Julieta dos Espíritos - Fellini (1965)



Nota: 9

Não é fácil compreender todas as intenções de Fellini em Julieta dos Espíritos, todas os simbolismos que ele utiliza para contar sua história, mas, assim como outros trabalhos do diretor, é um filme bastante intenso, instigante e apaixonante. Giuletta Massina, esposa de Fellini, entrega uma interpretação magistral no papel da reprimida Julieta.

É impressionante sua capacidade de expressar toda as angústias da personagem apenas com o olhar. Mais uma vez Fellini mistura sonhos, delírios e memórias da infância, fazendo uma espécie de versão feminina de 8¹/², e, assim como em seu filme anterior, entrega uma obra-prima. Uma mostra do quanto o cinema do diretor é brilhante, fascinante e verdadeiramente autoral.

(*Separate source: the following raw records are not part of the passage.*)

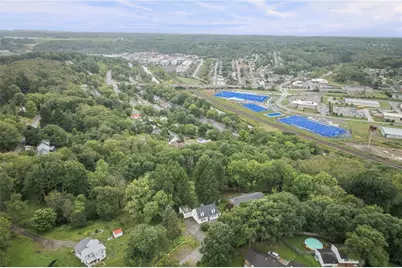 8 Old Plank Road, Twp of But SE, PA 16001 - Photo 3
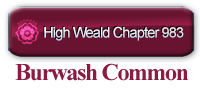 High Weald 983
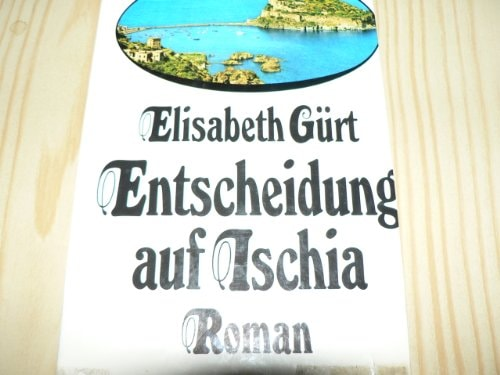 Gürt Elisabeth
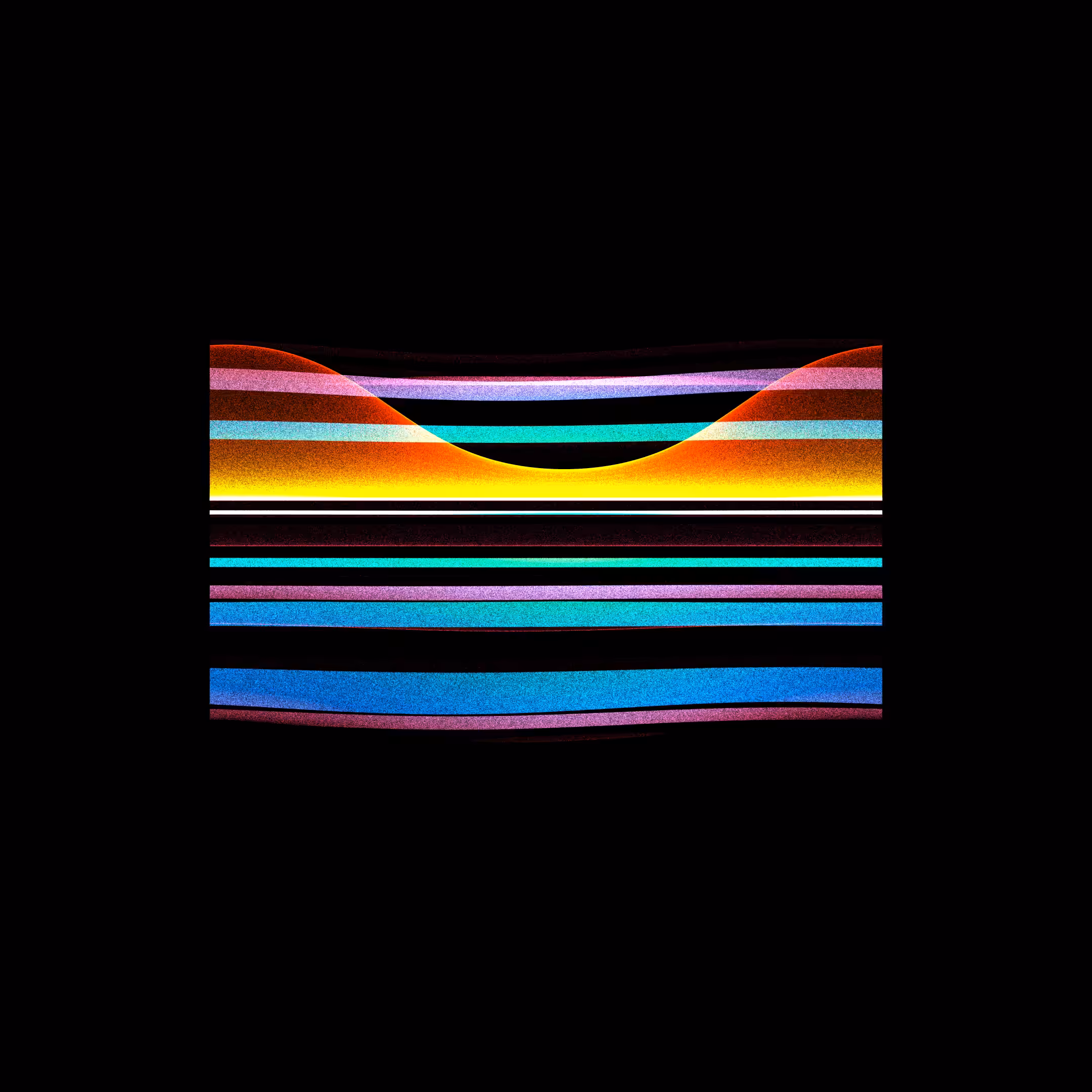 Horizon Plus Ultra (4409631-gmNDkhJQ)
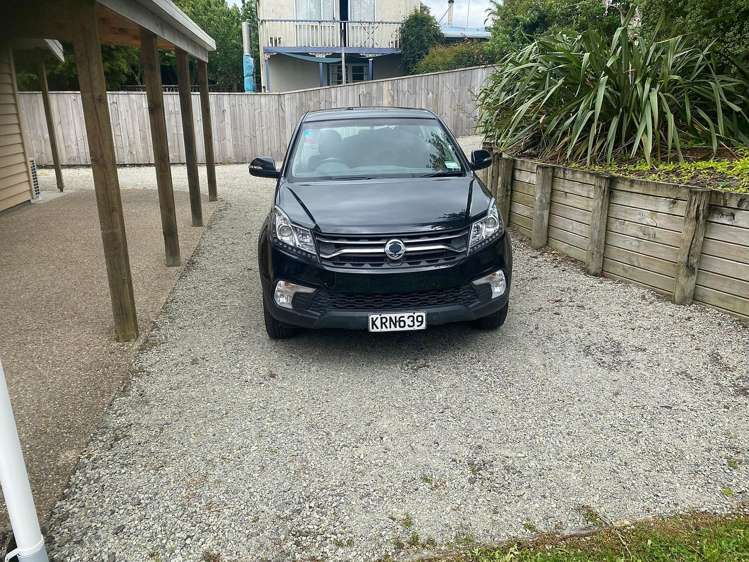 24B Walker Street Waihi_2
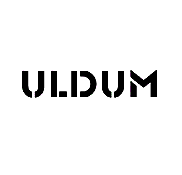 ULDUM  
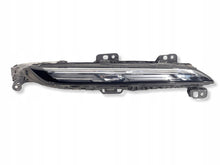 Load image into Gallery viewer, Frontscheinwerfer BMW 7 987993611 Vorderseite Scheinwerfer Headlight SCH5693558656oj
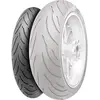 Image de Continental Pneus toutes saisons 244422000-110/70/R17 54 W - E/C/73 dB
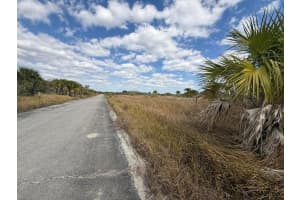 1771 Camilo Circle Sw, Palm Bay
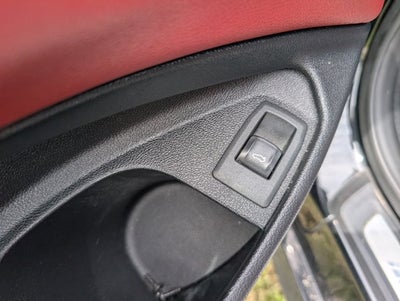2022 BMW 430i 430i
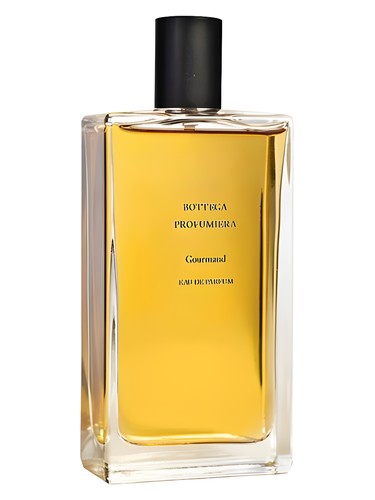 Casablanca Perfume by Swiss Arabian for unisex UAE
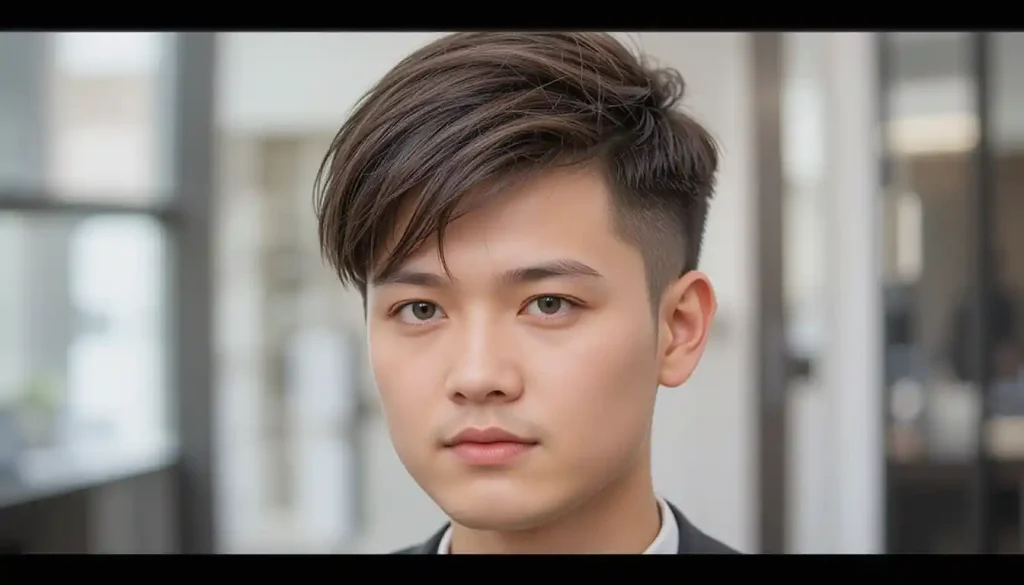 10 Effortless Hairstyles for the Modern Professional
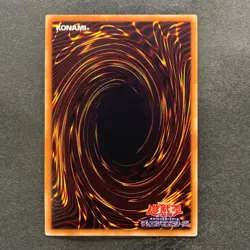 3 card Dark Paladin 15AX-JPY38 Secret Rare YuGiOh 480 - Image 3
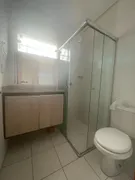 Casa de Condomínio com 3 Quartos para alugar, 72m² no Tarumã Açu, Manaus - Foto 17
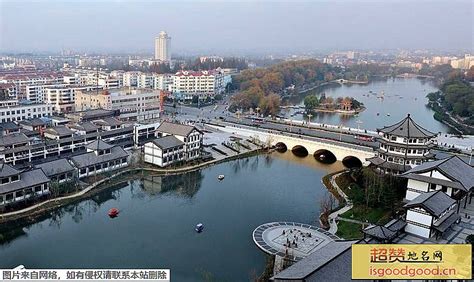2024滁州八岭湖生态旅游区旅游攻略-门票价格-景点信息_旅泊网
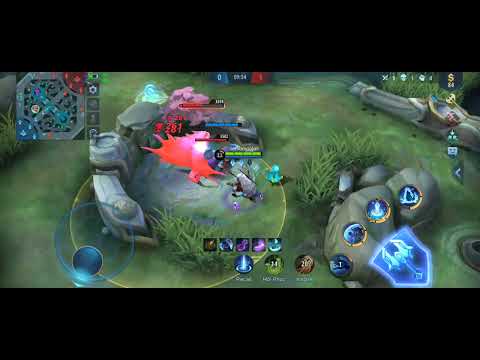 1 on 1 Franco vs popol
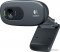 HD Webcam C270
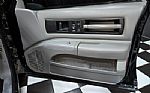 1994 Impala Thumbnail 73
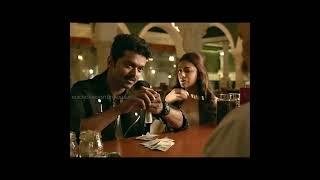 Cafe  Adirindhi    Vijay   Atlee   A R  Rahman  Kajal Aggarwal  Samantha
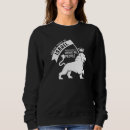 Search for hebrew israelite clothing People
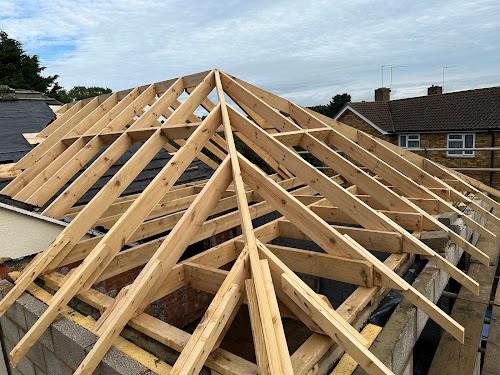profile picture of Fredy Roofing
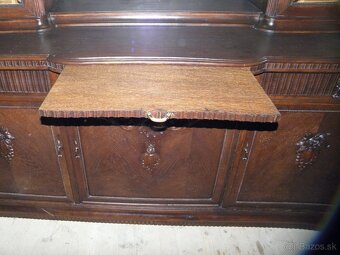 Starozitny pribornik - 14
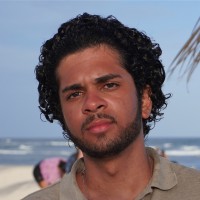 Jean Toribio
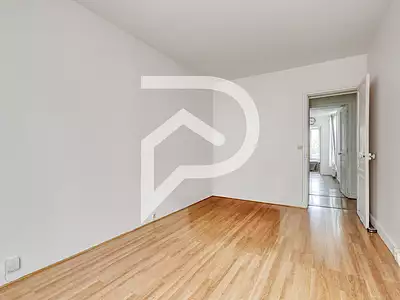 Appartement, 45,4 m²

Fellini pincela misticismo e religião, mistura infidelidade e alucinações, brinca com crenças duvidosas ligadas a espíritos e adivinhadores do futuro.

Julieta leva uma vida aparentemente tranqüila, casada com um homem que lhe oferece todo o conforto, seu dia-a-dia é passear na praia e comandar as empregadas nos afazeres domésticos. Ela suspeita da infidelidade do marido, suas amigas e parentes adoram esses assuntos místicos e a levam a gurus além de fazerem sessões para invocar espíritos em sua casa. Nessa tumultuada vida social Julieta começa a ter alucinações, lembranças do passado atormentam sua cabeça.

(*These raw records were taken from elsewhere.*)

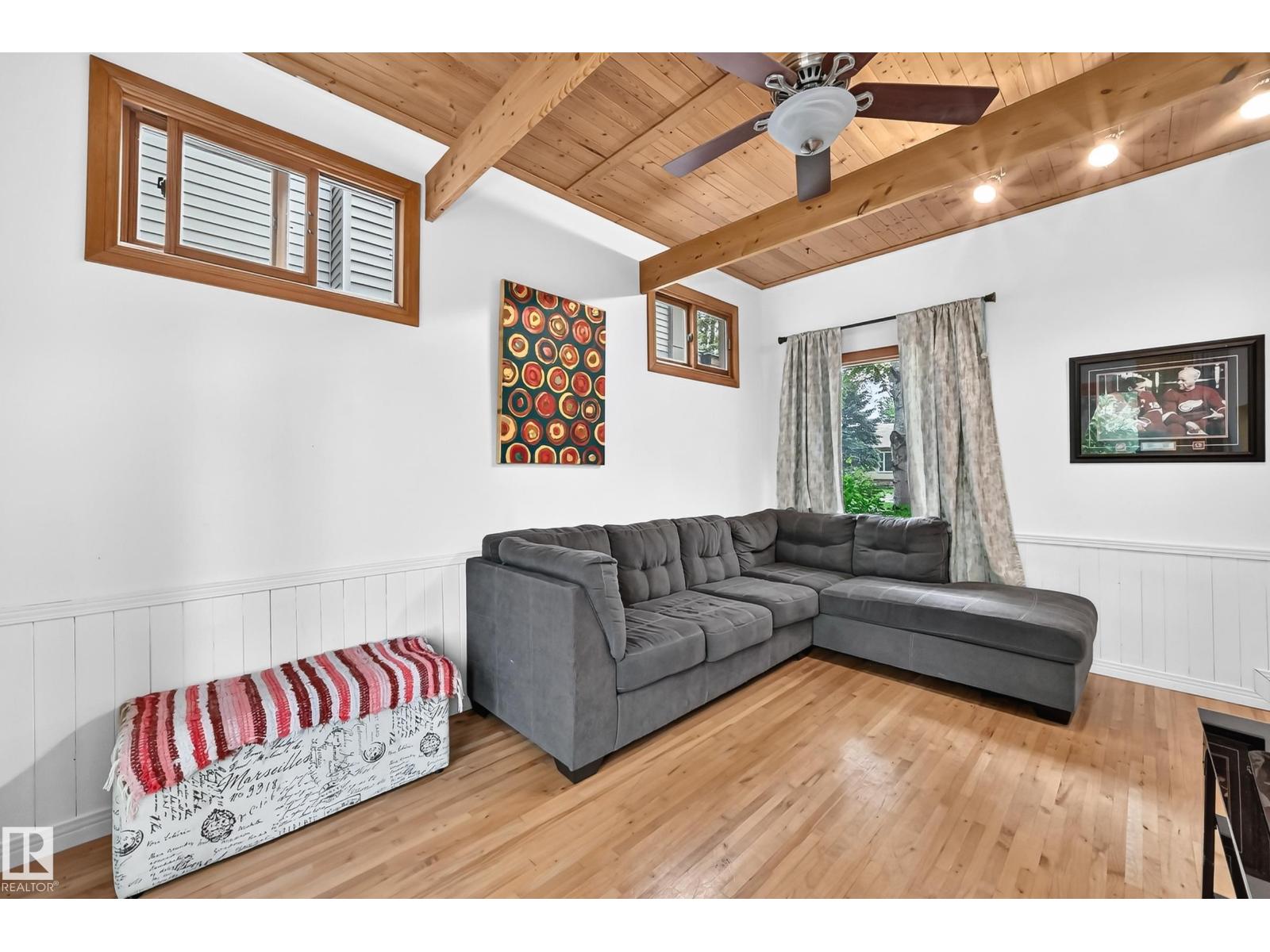11419 126 St Nw Property Photo 14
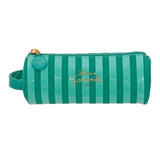 Tombolino Sweet Stripes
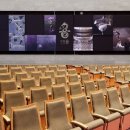 극장 용 이미지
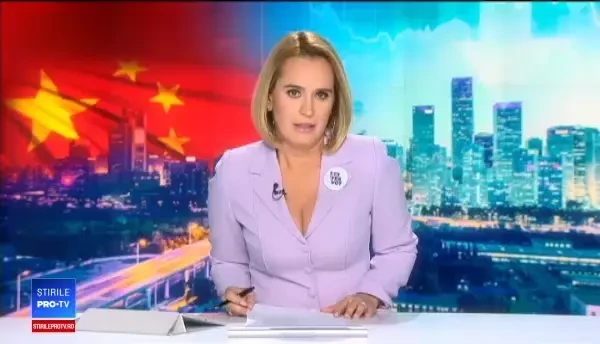 Vodafone Marea Britanie renunţă la dispozitivele Huawei. Anunțul făcut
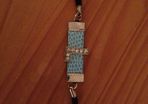 Girls Bracelet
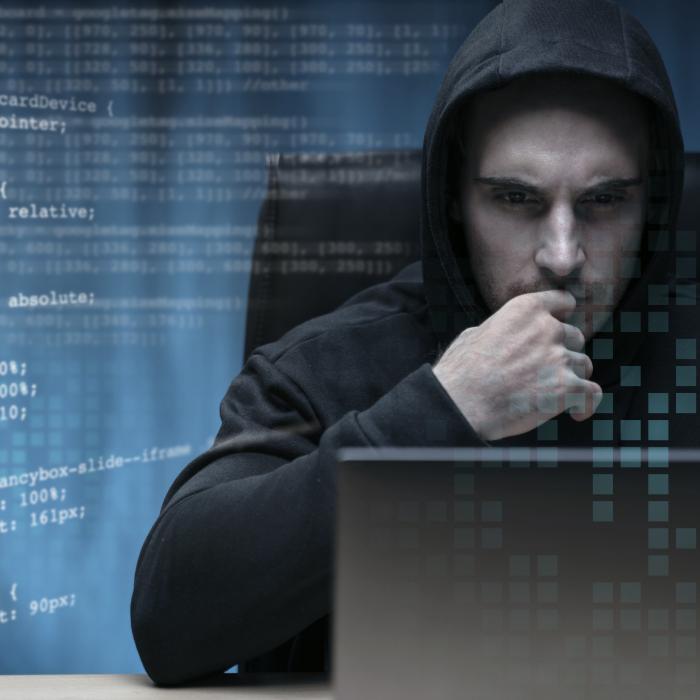 Microsoft, atacată de pirați cibernetici care au legătură cu Rusia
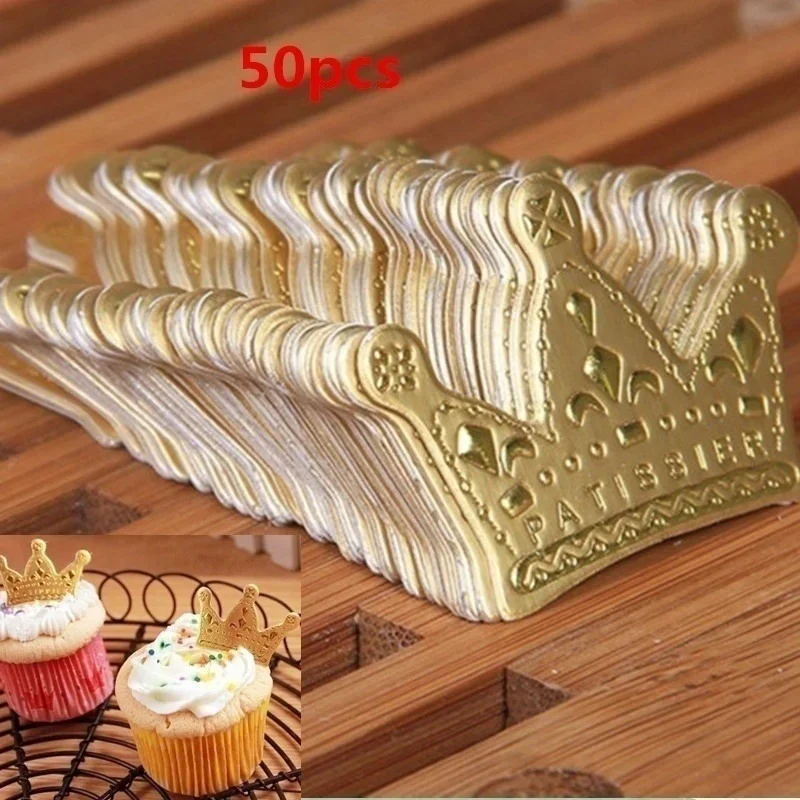 50 Pcs Kitchen Baking Tools Ca - огляд і ціна Kitchen Gadgets Gold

O convívio com a vizinha Suzy traz todo esse mundo alucinógeno para dentro da realidade, a casa de Suzy é extravagante, sempre festiva, e o aspecto libertino de seu estilo de vida é outro ponto a ser acrescido na cabeça dessa mulher simples e caseira que mal sabe lidar com as incertezas da relação com o marido. Suzy é completamente desprovida de pudor, tem um tobogã com uma piscina no quarto e a poligamia como objetivo. Essa é a típica história, atípica, onde Fellini tem espaço para se deleitar e deixar sua mente voar.

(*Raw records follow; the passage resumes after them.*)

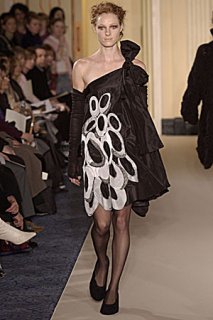 ROCH_AW04_472.jpg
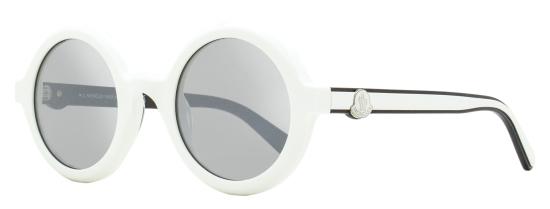  몽클레어 선글라스 019ed27c 53d0 74ac a461 3b4269fa760b WHITE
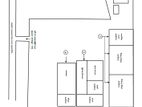 House For Sale in Galle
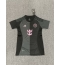 Inter Miami Uit tenue voor Dames 2025-26 Korte Mouwen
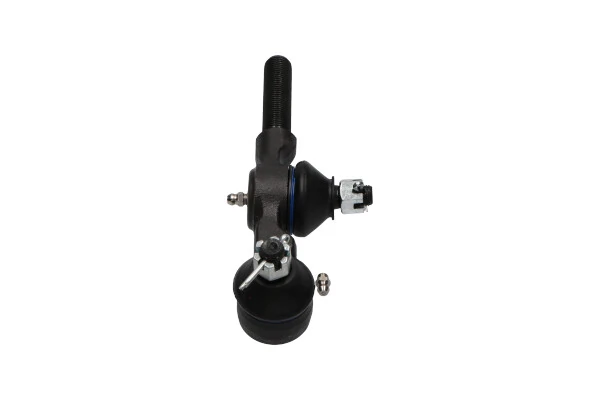 Kavo Parts STE-8531 Tie Rod End
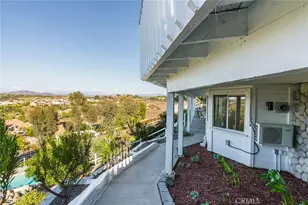 40175 Paseo Sereno, Temecula, CA 92591 - Photo 26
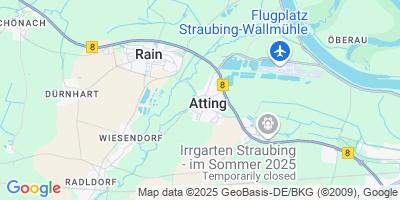 Atting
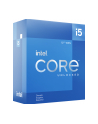 Procesor INTEL Core i5-12600 KF BOX 3,7GHz, LGA1700 - nr 25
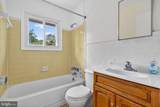 304 Cedarleaf Avenue - Photo 20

Fellini, falando sobre Julieta dos Espíritos, disse: "Um filme sobre Giuletta e para Giuletta Masina". São evidentes, como lembrou o crítico Moniz Viana, as aproximações entre este filme com seu anterior: Oito e Meio(1962). Em Oito e Meio, ao longo das reminiscências pessoais que Fellini emprestou a Marcello ( vivido por Mastroianni), também um diretor de cinema que ultrapassa "a metade do caminho de sua vida", havia muitas infidelidades, revestida de nova importância porque já está encaminhando uma decisão, vem a ser suspeitada ou pressentida pela mulher, agora Giulietta.

É a crise que ela experimenta - contida no plano real, mas em alucinante disparada, no plano da imaginação - liga Giulietta a Otto e Mezzo: é a mesma situação vista de dois ângulos diferentes" (...) A técnica narrativa de Julieta é um prolongamento da empregada em Oito e Meio, avançando a câmara no rumo de uma vidente e deliberada extravagância, justificada pelo grande número de situações oníricas ou próximas do terreno do sonho, e estimulada pela cor - esta só usada pôr Fellini anteriormente uma vez (no episódio de Boccacio 70) e sem a liberdade, o delírio, quase o êxtase que o cineasta procurou exprimir nesta sua segunda e definitiva experiência. A cor felliniana é tão diversa, tão surpreendente, que houve quem suspeitasse de que o realizador agira sob o efeito do LSD".